# MATERIAL PROVIDED:
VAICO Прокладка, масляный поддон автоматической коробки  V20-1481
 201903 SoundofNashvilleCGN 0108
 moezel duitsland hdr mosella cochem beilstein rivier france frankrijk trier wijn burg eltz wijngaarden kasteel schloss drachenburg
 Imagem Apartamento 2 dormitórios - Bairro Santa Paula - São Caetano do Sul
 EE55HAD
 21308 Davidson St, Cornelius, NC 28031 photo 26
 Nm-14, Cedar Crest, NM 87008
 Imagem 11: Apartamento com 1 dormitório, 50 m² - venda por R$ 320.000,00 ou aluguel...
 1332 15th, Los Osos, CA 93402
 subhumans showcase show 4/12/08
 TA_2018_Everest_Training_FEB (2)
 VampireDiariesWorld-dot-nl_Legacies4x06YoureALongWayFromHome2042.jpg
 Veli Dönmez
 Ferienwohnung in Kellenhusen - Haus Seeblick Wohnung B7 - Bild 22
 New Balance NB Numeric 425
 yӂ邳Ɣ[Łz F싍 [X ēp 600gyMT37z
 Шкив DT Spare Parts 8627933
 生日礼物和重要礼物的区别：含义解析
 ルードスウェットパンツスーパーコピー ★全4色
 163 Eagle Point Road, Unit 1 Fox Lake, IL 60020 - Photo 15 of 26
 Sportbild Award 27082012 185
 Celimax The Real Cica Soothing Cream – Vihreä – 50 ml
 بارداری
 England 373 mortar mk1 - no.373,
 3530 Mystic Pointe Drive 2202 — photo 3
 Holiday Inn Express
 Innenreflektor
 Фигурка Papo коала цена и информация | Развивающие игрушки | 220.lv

# GOAL OF THE EXERCISE:
Return from the data every line that holds "Imagem".

# ANSWER SPACE:
 Imagem Apartamento 2 dormitórios - Bairro Santa Paula - São Caetano do Sul
 Imagem 11: Apartamento com 1 dormitório, 50 m² - venda por R$ 320.000,00 ou aluguel...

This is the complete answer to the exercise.